エルトンも(フレディ・マーキュリーも)無名時代、有名プロシューサーに馬鹿にされ、いじられ、音楽性を曲げさせられたりしているけど、いったんヒットすれば、何も言わせない王様になれる。

でも、

王様は孤独だ。
王様には美女が寄ってくる。
何をしてもみんながちやほやしてくれる。才能の結果だと思われる。
美酒が寄ってきて、麻薬もやってきて、美食も、プール付きの家も、高級車も、スポーツカーも、何もかも手に入る。
でも、親や親友やいっしょにやってきた仲間とはどんどん離れていく。
酒に溺れ、女を突き放し、同性愛に愛の行き先を見出せば、世間からは孤立した(1970年代の世界はまだまだ不寛容だった。
麻薬に溺れ、買い物依存症になり、不愉快なプロデューサに小突き回され、ボロボロでも派手なライブ・パフォーマンスをするしかなかった。

エルトンは(フレディも)孤独だった。
でも、音楽の才能は驚異的だった。

映画「ボヘミアン・ラプソディ」と、映画「ロケット・マン」。
そっくりそのまま相似形の物語。
ちがうのは、フレディは同性愛からの結果としてのエイズによって死去、エルトンは同じく同性愛者だったけれど、エイズの感染はせず、この映画の制作指揮をしている。

 ★ ★ ★

エルトン・ジョンは、作詩のパートナー、バーニー・トーピンとともに音楽を作ってきた。

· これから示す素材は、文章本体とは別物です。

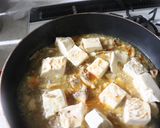 舞茸と豆腐のベジマーボー作り方4写真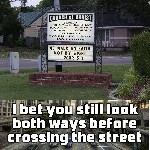 walk by faith not my sight
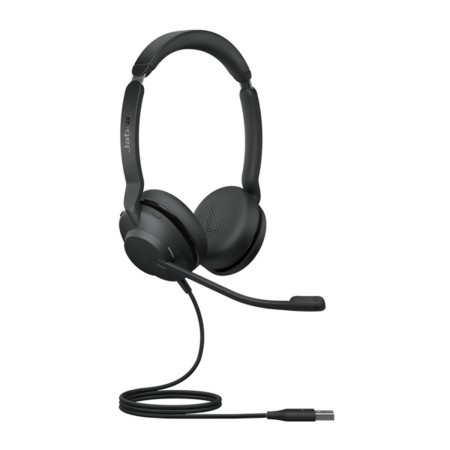 Auricolari con Microfono Jabra Evolve2 30 SE Nero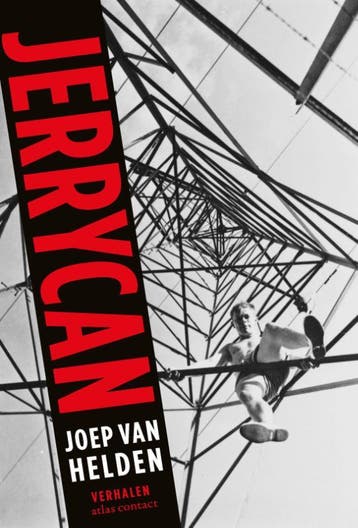 Jerrycan | Joep van Helden | Nieuw, Ophalen of Verzenden, Nieuw, Joep van Helden
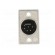 Socket | XLR | male | PIN: 6 | straight | soldering | silver | 7.5A | 27mm фото 9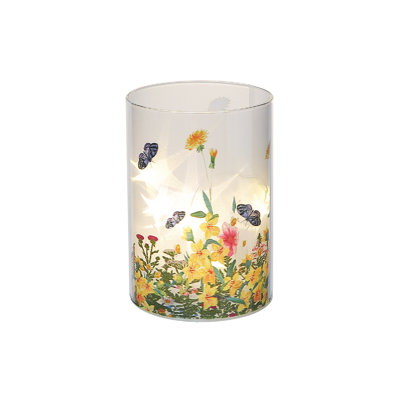 Antonay Glass Decorative Object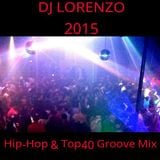 HIP-HOP / TOP40 GROOVES 2015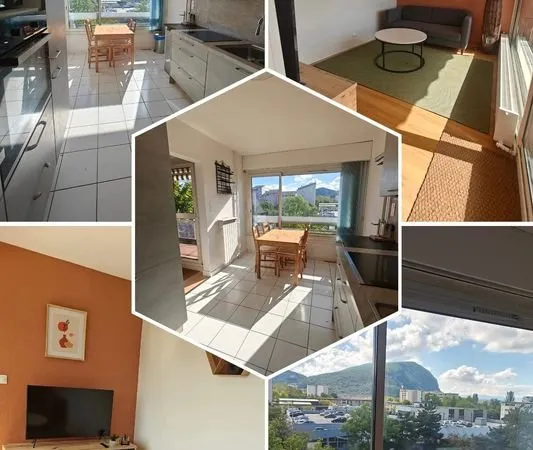 Colocation Annemasse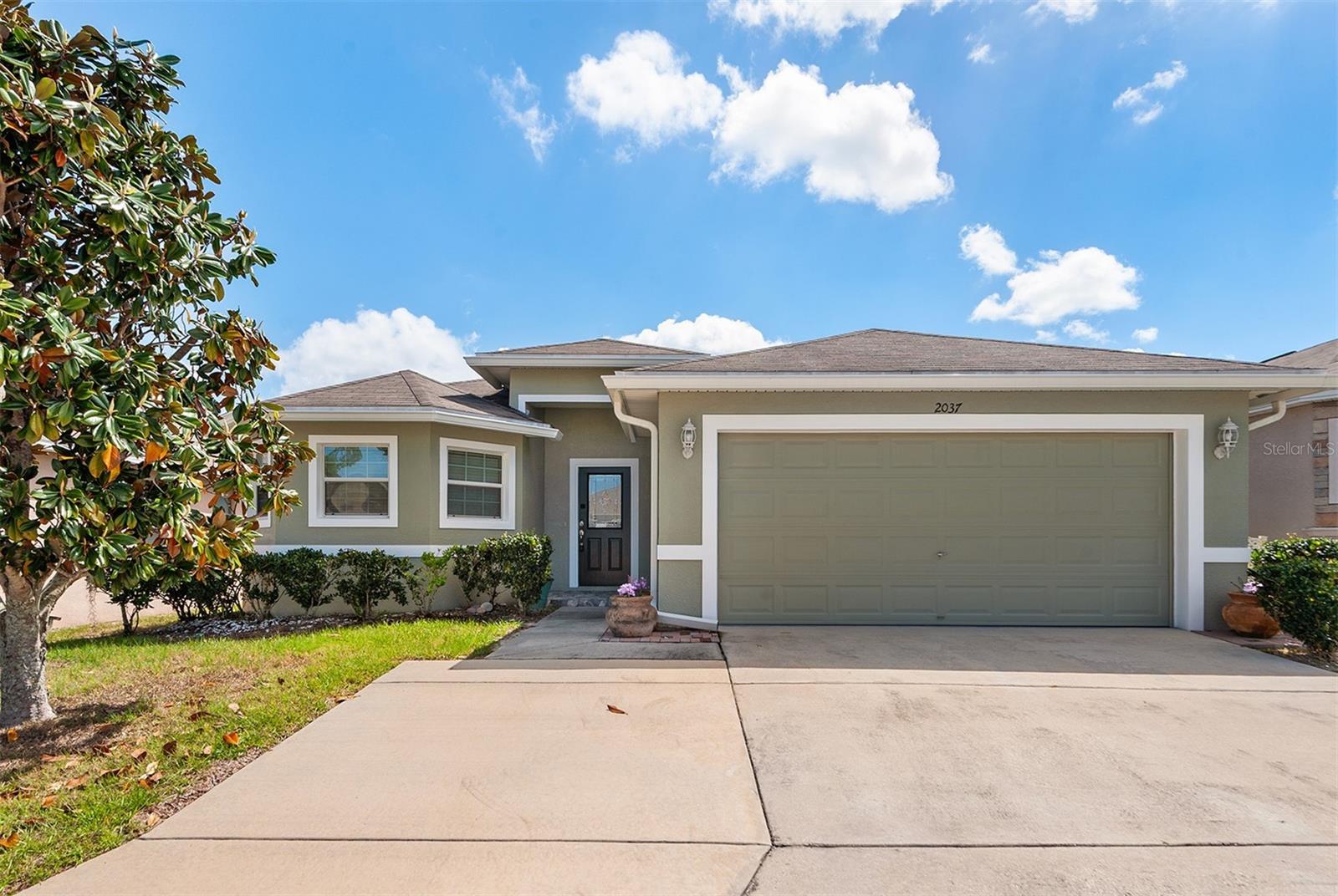 2037 LAKERIDGE DR, WINTER HAVEN, FL, 33881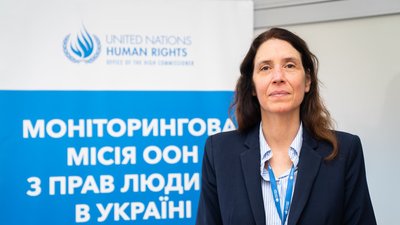 ООН: в Україні з початку війни загинув не менш як 3381 цивільний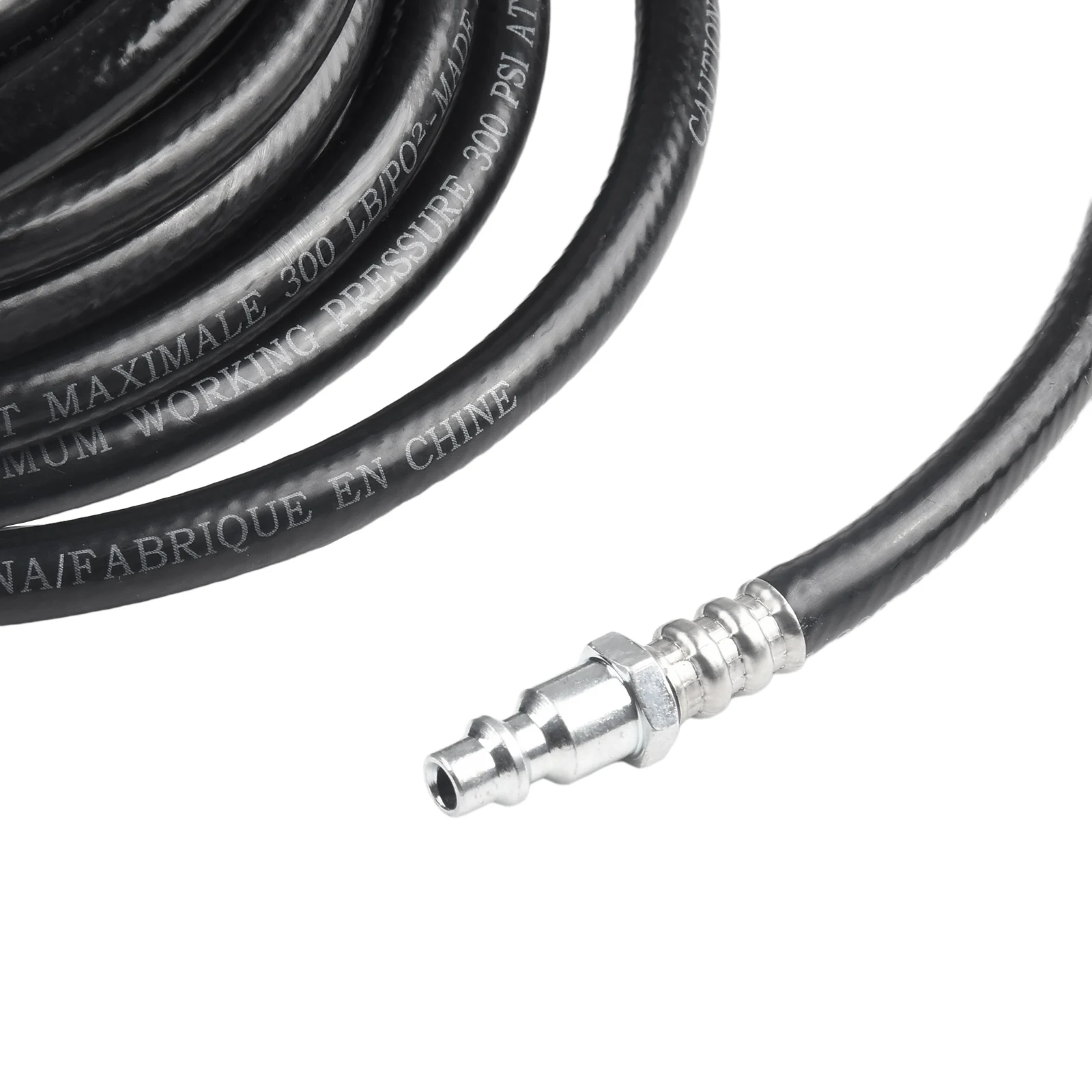 Pneumatic Tools Air Compressor Hose Pneumatic Tools Pneumatic Tools 1Pc 5mm Inner Diameter Black Less Than 150psi High Quality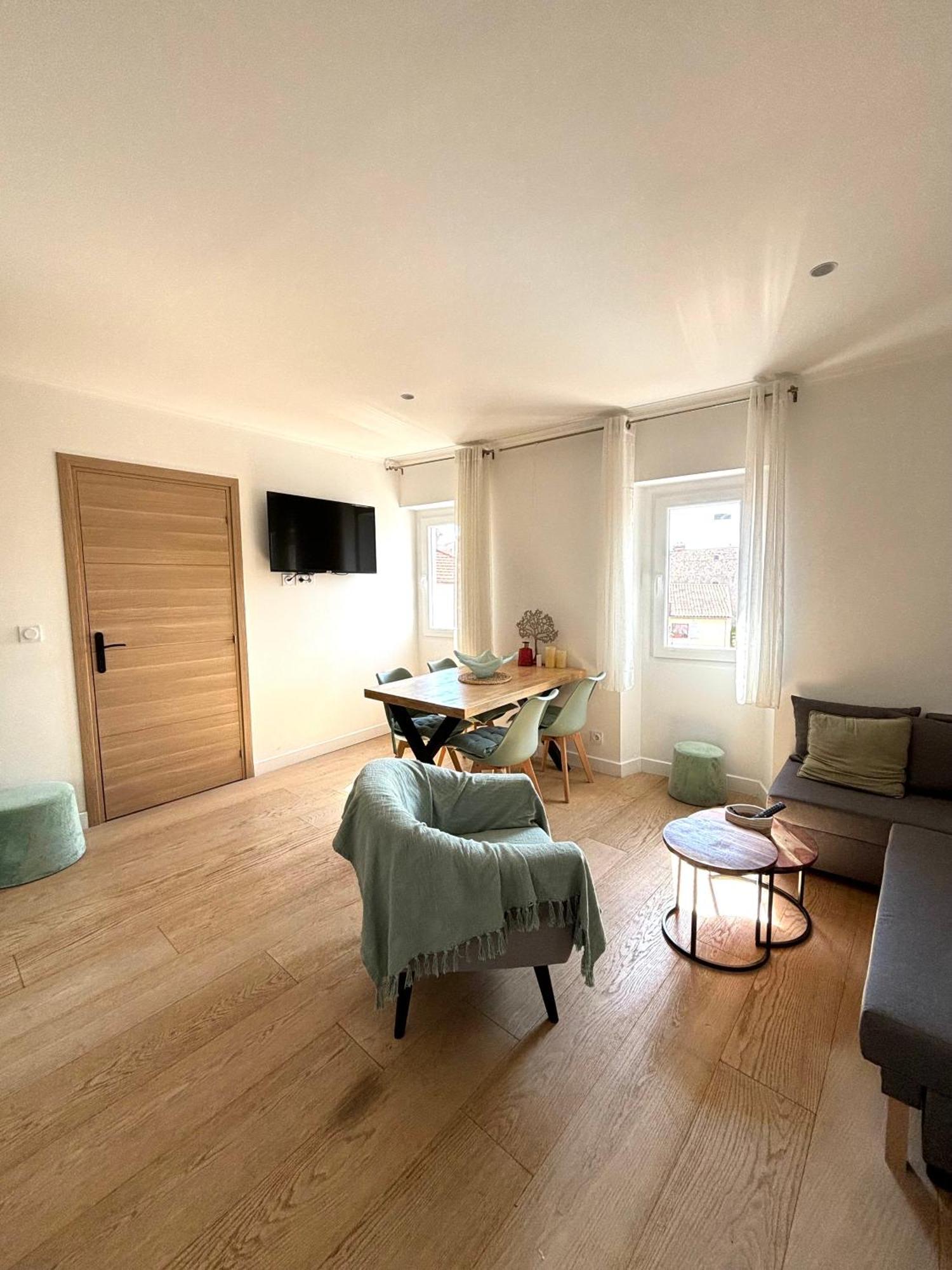 Duplex Old Town Antibes - New ! Apartment Exterior foto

バーニーとので愛、そして彼の詩(詞ではなく、あきらかに詩だ)がなければ、エルトンは存在しないし、少なくとも僕がエルトンを好きになることはなかった。バーニーの詩は難解で、こんな詩がついた曲がどうしてヒットするのか、当時からわからなかった。映画では、当時のアルバムに付属する歌詞カードよりずっとわかりやすい対訳がついていて、そしてそれらの詩が、エルトンとバーニーのその瞬間ごとの関係を歌ったものだという個人史のエピソードと重ねると、詩の意味がよくわかる。映画を見て、よかったと思うのはこの点。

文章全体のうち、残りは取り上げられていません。